Menurutnya, kondisi ini memberikan peluang yang besar untuk anak putus sekolah, karena tidak diterima di sekolah di kampungnya. Sedangkan untuk masuk sekolah swasta membutuhkan biaya yang besar, sementara kondisi ekonomi orang tua tidak mencukupi, akhirnya putus asa dan tidak sekolah.
“Bagi saya, sepertinya ini bertentangan dengan isi Undang-Undang (UU) Nomor 23 Tahun 2014 yang menyatakan pendidikan merupakan urusan pemerintahan konkuren sebagai pelayanan dasar yang wajib diselenggarakan kewenangannya bisa diberikan Pemerintah Pusat, Provinsi maupun Pemerintah Daerah. Banyak yang berpeluang putus sekolah atau harus ngekost ke Kota Tarutung atau Kota lainnya hanya untuk menempuh pendidikan SMA sementara ini masih masuk masa wajib belajar 12 tahun,” papar Nikson.

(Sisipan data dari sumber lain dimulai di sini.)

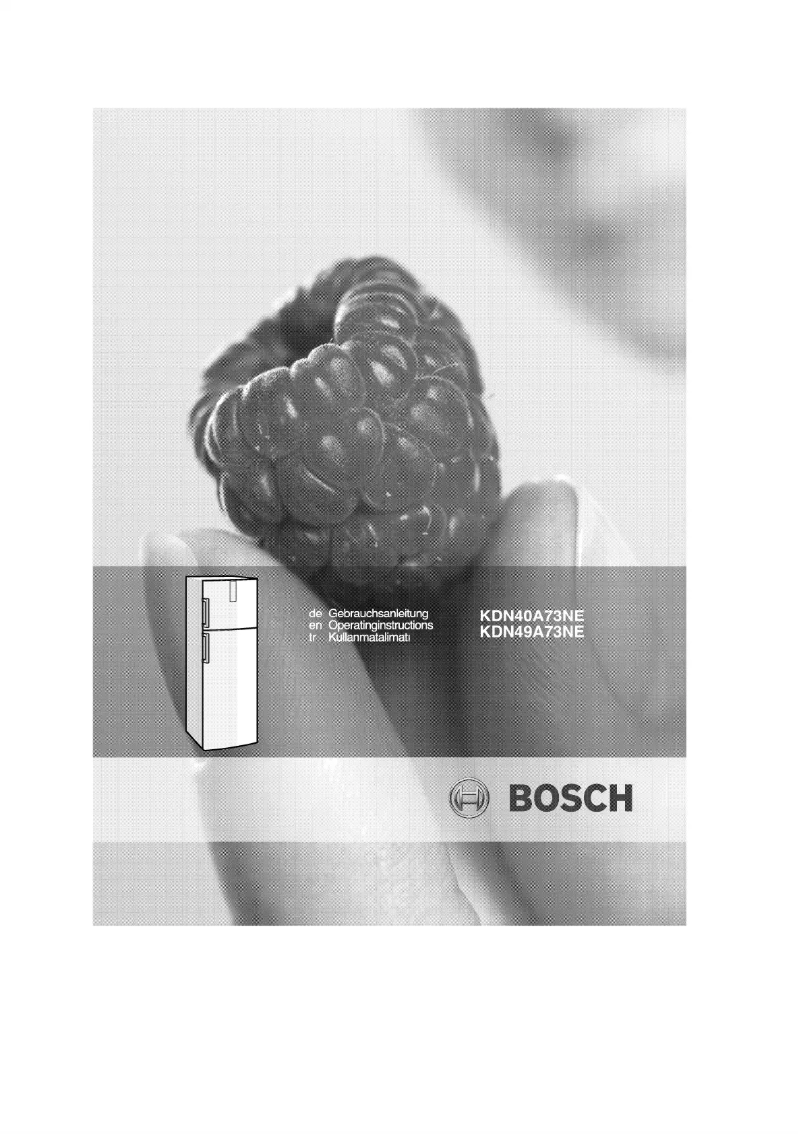 Page 1 of the manual User Manual Bosch KDN40A73NE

Dirinya bermohon kepada Pemerintah Pusat, khususnya Menteri Pendidikan dan Kebudayaan (Mendikbud) agar kebijakan zonasi ini ditinjau ulang, sehingga semua orang memiliki kesempatan yang sama untuk menikmati pendidikan, khususnya sampai tingkat SMA.
Nikson menuturkan, sistem zonasi ini memang akan menguntungkan pada posisi di perkotaan yang wilayah dan sekolahnya sudah mendukung untuk itu.

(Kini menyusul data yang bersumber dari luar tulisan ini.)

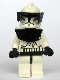 Minifig No: sw0286  Name: Clone Trooper (Phase 1) - Black Visor and Pauldron, Large Eyes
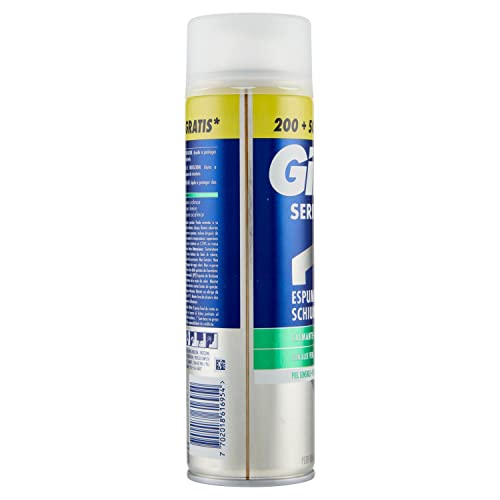 Gillette Series Espuma de Afeitar Calmante Con Aloe Vera, Para Piel Sensible, Protección Total Ante La Irritación, Ayuda A Proteger Contra Cortes, Ardor, Escozor, Enrojecimiento Y Tirantez, 250ml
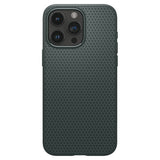 Spigen iPhone 15 Pro Max Deksel Liquid Air Abyss Green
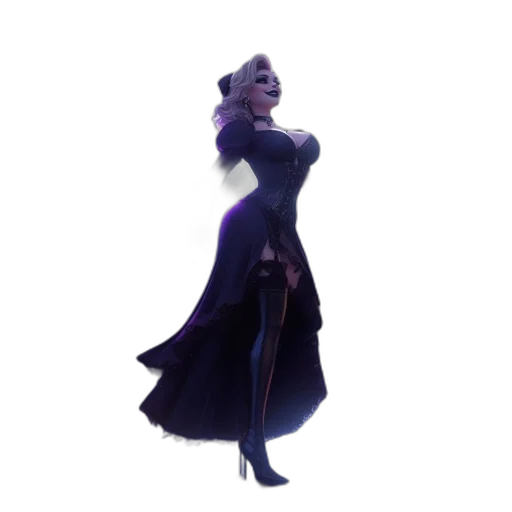 dress, staff, crown, concept art transparent PNG cut-out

Tetapi kondisi geografi seperti Taput dinilai merugikan bagi dusun-dusun yang lebih jauh dari lokasi, tetapi tidak memiliki peluang untuk sekolah di sekolah tersebut. Sementara bisa saja dari Kabupaten lain yang posisinya di perbatasan lebih dekat dengan sekolah, lebih besar peluangnya masuk sekolah tersebut.

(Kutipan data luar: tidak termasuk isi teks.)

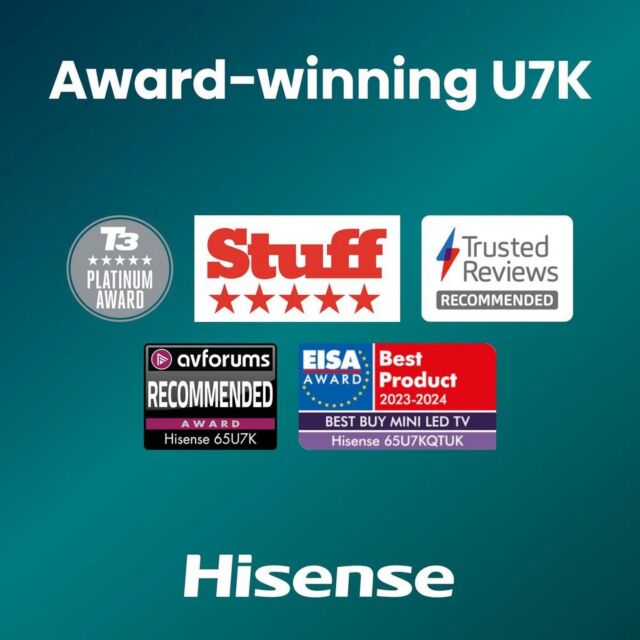 Hisense 65U7KQTUK 65inch 4K Ultra HD Mini-LED Smart TV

“Apabila sistem zonasi ini juga diterapkan sampai tingkat Universitas Negeri, maka peluang masyarakat Taput untuk kuliah di universitas favorit tidak ada lagi. Ini menjadi perhatian dan tugas kita bersama, karena ini sudah banyak disuarakan masyarakat, terutama desa-desa yang sekolahnya sangat terbatas,” kata Nikson mengakhiri. (Pembela)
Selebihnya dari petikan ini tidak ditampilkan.